Hi Caty,
I have had insomnia for over 40 years—but Stop, this does not mean you will. Nor does it mean every night. It also does not mean that all days of good sleep the night before were great; and it does not mean that all days of poor sleep the night before were miserable.
So what am I getting at? It is easy, sort of magnetic really, to fall into the trap of thinking that how I sleep dictates whether I can enjoy life. Because we want to sleep well so badly.
If I sound all-knowing and serene, no it’s not like that. I have been frantic for sleep, thought seriously about suicide, and I still have rocky times. Because lack of sleep can get the better of you. When I do sleep poorly, I try to remind myself that okay, today I might tend to get irritable, have lots of anxious thoughts, maybe even thoughts that I wish I were dead, thoughts that I cannot handle this anymore. And in my better moments, I acknowledge and remember that these are just thoughts.
As in:
1. “I’m having the thought that (I am miserable / I cannot live like this anymore).” As opposed to:
2. I am miserable. I cannot live like this anymore.

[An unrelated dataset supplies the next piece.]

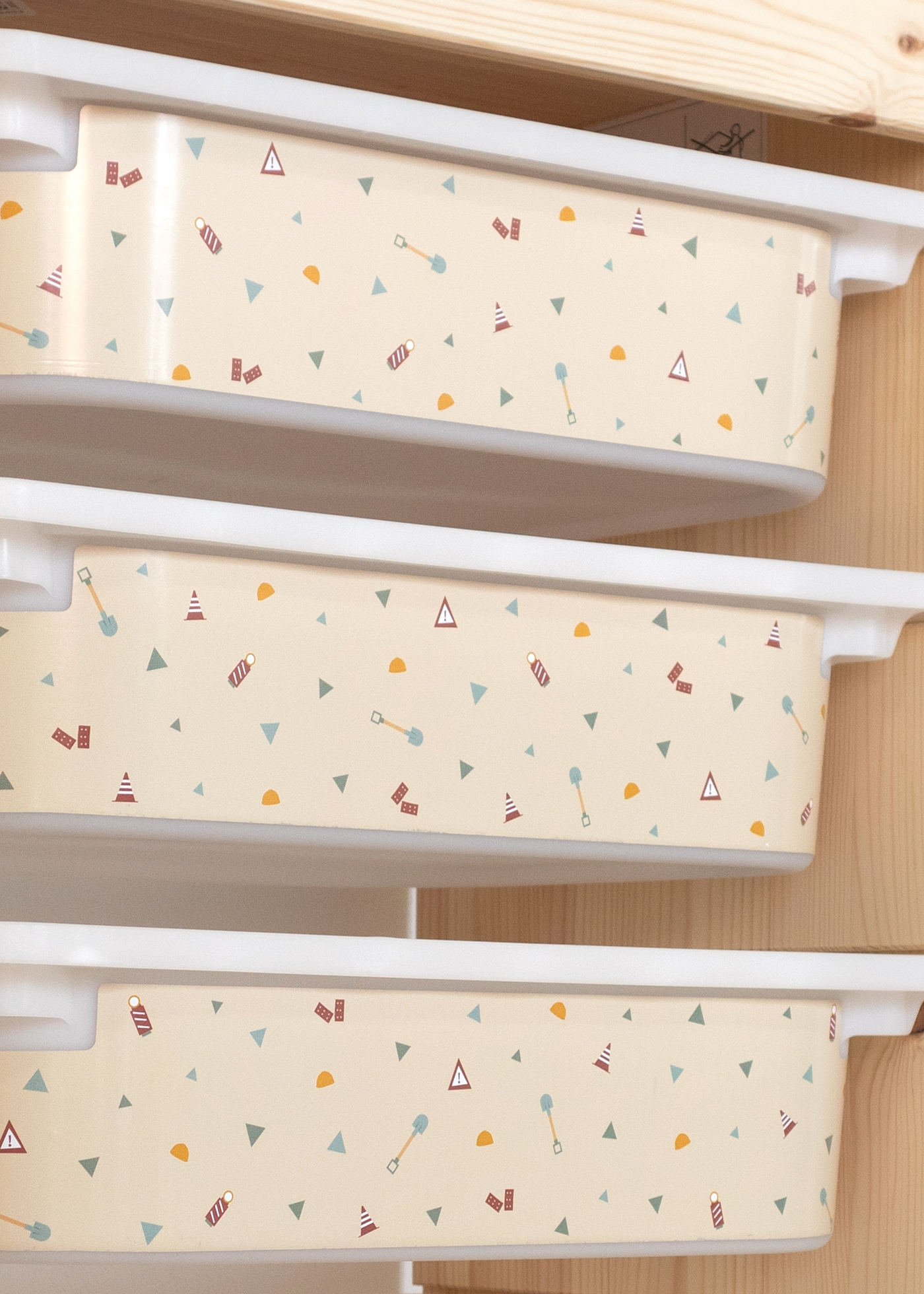 Aufbewahrungsbox im IKEA TROFAST Regal, dekoriert mit Baustellen-Motiven wie Bagger, Kran und Kipplader.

The difference between 1 and 2 is observing your thoughts rather than living inside them. I know that the concept of mindfulness is all trendy, but if you check it out enough, you can get beyond the fluff and see why it has been around for about 3,000 years. A couple of good, free websites (and even here, you’ll have to look around to see which parts resonate for you): mindfulnessnorthwest.com and palousemindfulness.com
And I would definitely check out Martin’s videos. He addresses really all the issues that pop up for us, including sleep anxiety, which is the biggest one for me–and I am guessing, for you.
While I don’t sleep great every night (who does?), I have generally gotten to the point where when I wake up in the middle of the night, I can say that I would definitely prefer to get more sleep but hey, if I don’t, I have gotten through this every time before. And actually mean this. And usually I can get back to sleep. When I do have a run of bad sleep, I try not to freak out about it because as you know, that doesn’t work too well, right?
Well, I have gone on quite a bit here. But know you are not alone. It has gotten better for me, and it will for you, too.